Sir Tim was thinking that what we really wanted was a web of information so that computers had some idea of not only the information that they held in their own documents, but also how that information relates to other information and, you know, so not simply where to find other information, but what information means and how those relationships occur. In order to do that, RDF was invented specifically to address some of these issues. This is why all of the identifiers in RDF are – well, now they’re IRIs.
They started out as URIs, of which URLs are a subset. But over time they moved it up to Internationalized Resource Identifiers, so IRIs. That’s the latest standard. We have these IRIs for identifying anything, really. These are the nodes in your graph. Best practices will then have these IRIs refer to information across the web found in databases or in other documents on a website and things like this. This all gets described using RDF.
That’s great that we have this description of how things connect and what relationships are, but then what do those relationships mean? They created a schema, which describes, like, the domain and the range for relationships. So if I see this sort of relationship, then I know that it’s referring to something that talks about a vehicle. I see that sort of relationship that’s going to be talking about a person identifier and that kind of thing.

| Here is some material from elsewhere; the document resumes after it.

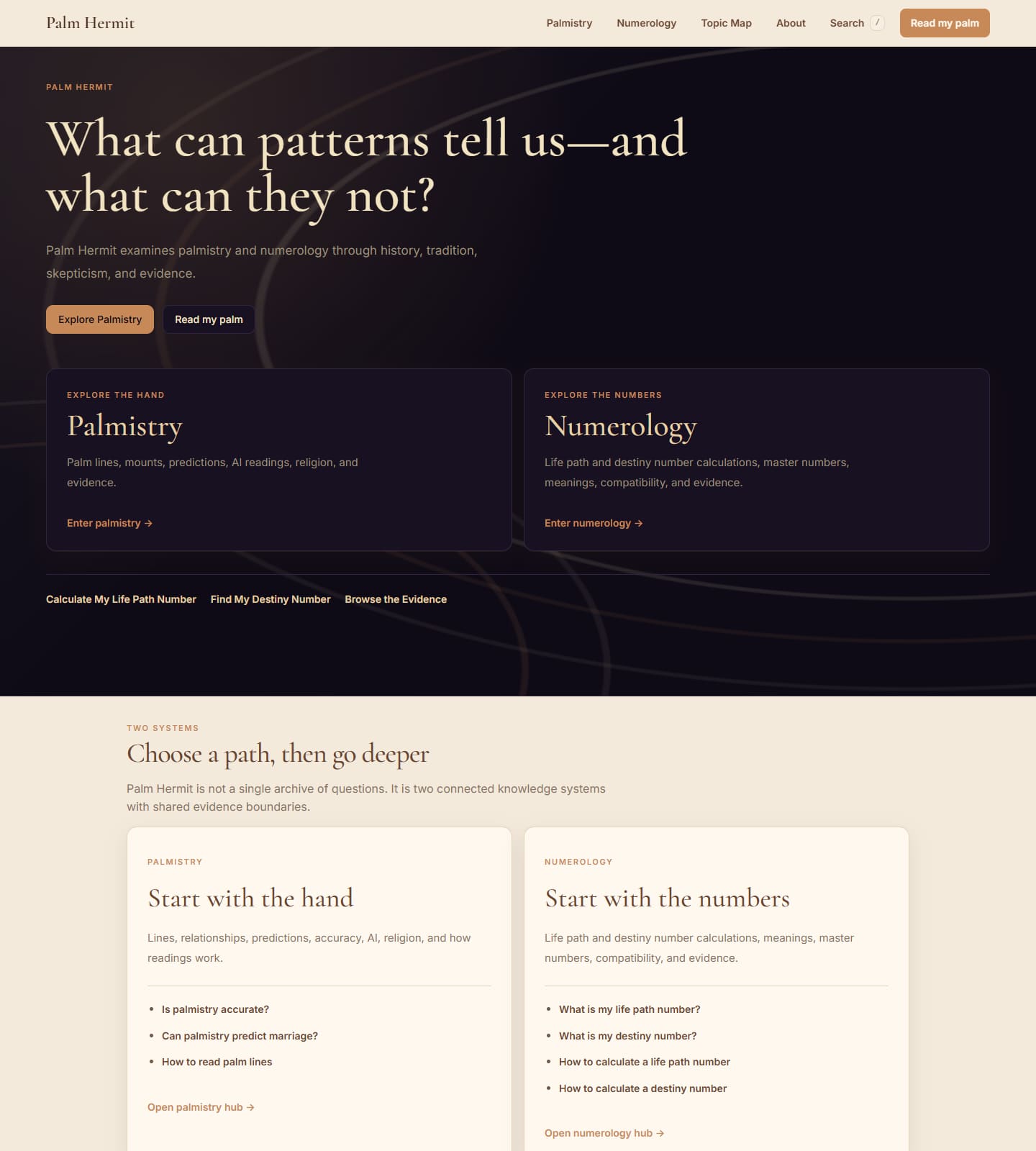 Palm Hermit homepage, editorial discovery layout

But that was very limited, so the more complete descriptive system then goes on to describe relationships between relationships. This more complete concept, which goes way beyond what database schemas one would expect, that was referred to as an ontology. The system built up around that was the Web Ontology Language or WOL. That was all semantically a lot higher level than where I’ve been because I’ve been really in the low level getting data and off this quickly, how to optimize queries best to address this sort of thing, and I hadn’t really considered those higher levels until one day the engineering manager turned to me and said, “We need WOL support. Can you do that?”
And I said, “Yeah, sure. I’ll look up the standards and have a go at it.” As it turned out, it was much more complex than I had anticipated. And I said, “Well, how have other people done this?”
We’ve got two other open source projects out there working on this: Sesame and Jena. What do they do? It turns out that they didn’t have a complete solution either. It was a post-doc research problem.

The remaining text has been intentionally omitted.